**TASK DIRECTIONS**
In the listing below, locate the line containing "Marinblå skjorta från Ralph Lauren S" and copy it and every line after it through the end, exactly as written, leaving out any pictures.

**DATA SEGMENT**
Segment Open

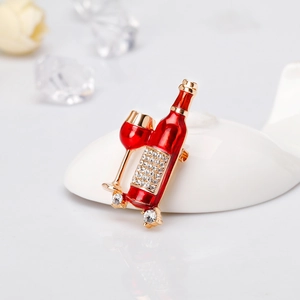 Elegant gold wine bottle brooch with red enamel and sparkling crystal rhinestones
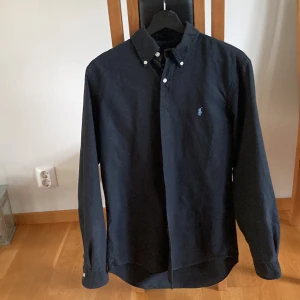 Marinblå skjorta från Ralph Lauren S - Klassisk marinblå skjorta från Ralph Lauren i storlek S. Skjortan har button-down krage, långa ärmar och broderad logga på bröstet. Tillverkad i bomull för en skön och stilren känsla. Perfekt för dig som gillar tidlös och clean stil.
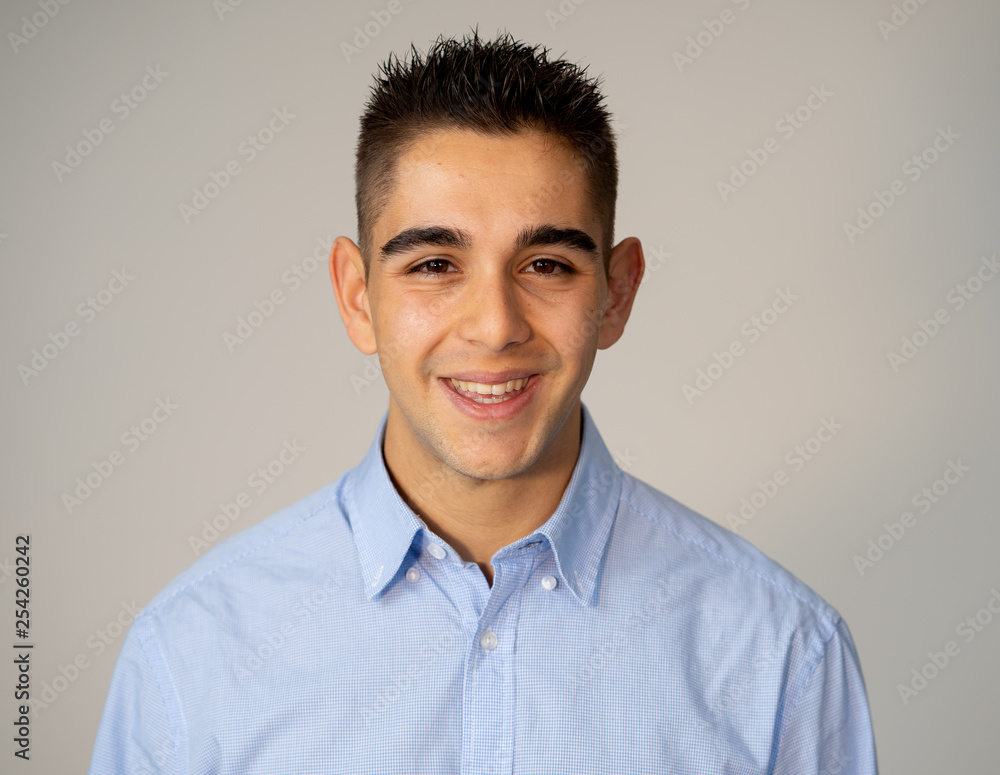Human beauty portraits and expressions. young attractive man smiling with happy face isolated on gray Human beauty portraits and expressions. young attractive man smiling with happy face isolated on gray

Segment Closed

**ANSWER BOX**
 Marinblå skjorta från Ralph Lauren S - Klassisk marinblå skjorta från Ralph Lauren i storlek S. Skjortan har button-down krage, långa ärmar och broderad logga på bröstet. Tillverkad i bomull för en skön och stilren känsla. Perfekt för dig som gillar tidlös och clean stil.
Human beauty portraits and expressions. young attractive man smiling with happy face isolated on gray Human beauty portraits and expressions. young attractive man smiling with happy face isolated on gray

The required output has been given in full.